BEGIN

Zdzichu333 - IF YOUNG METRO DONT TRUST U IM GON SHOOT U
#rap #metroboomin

END
BEGIN

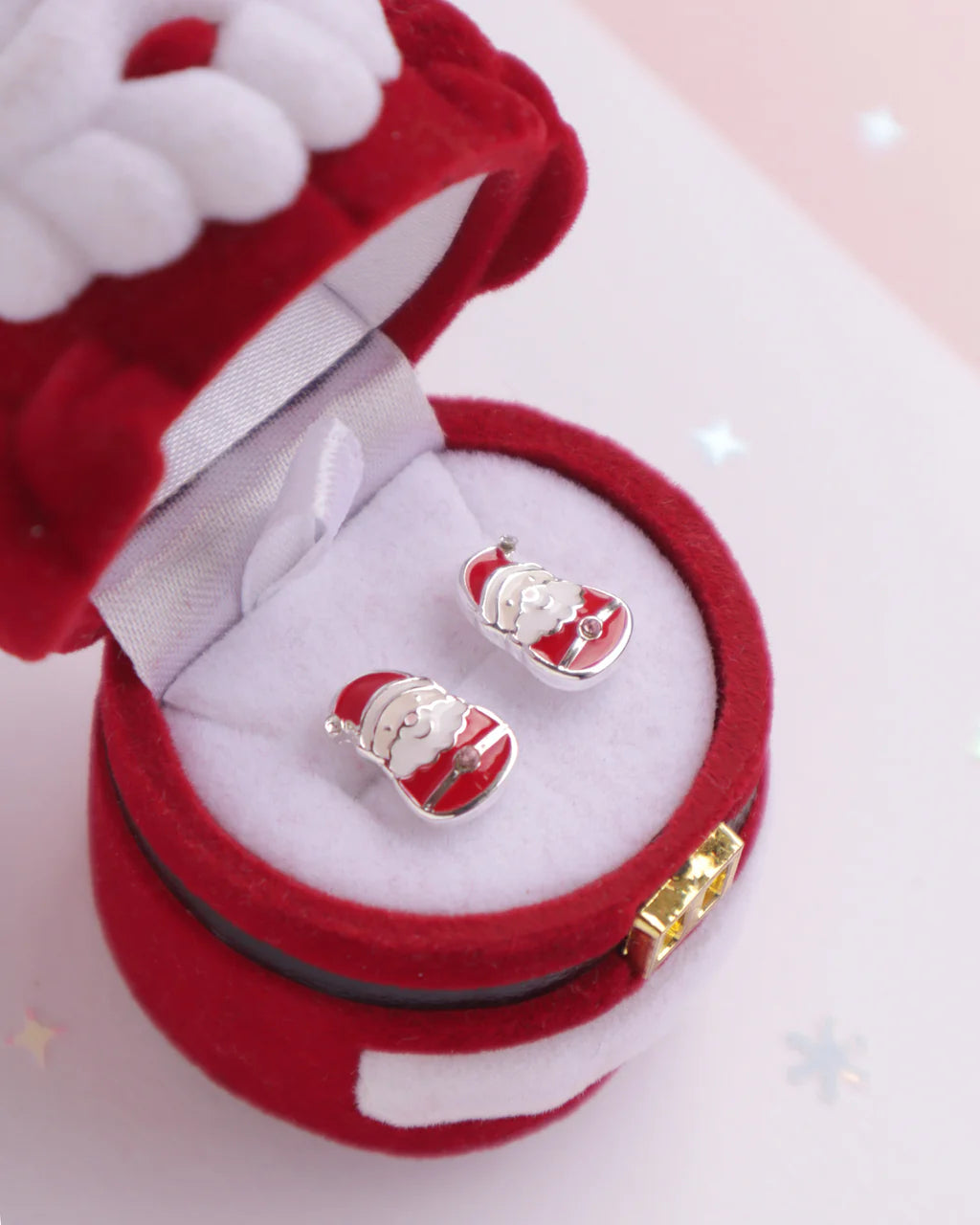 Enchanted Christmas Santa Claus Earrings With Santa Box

END

Task:
All lines in the data above from the one with "Zdzichu333 - IF" through the one with "#rap #metroboomin" must be repeated exactly, and no others.

Answer space:
Zdzichu333 - IF YOUNG METRO DONT TRUST U IM GON SHOOT U
#rap #metroboomin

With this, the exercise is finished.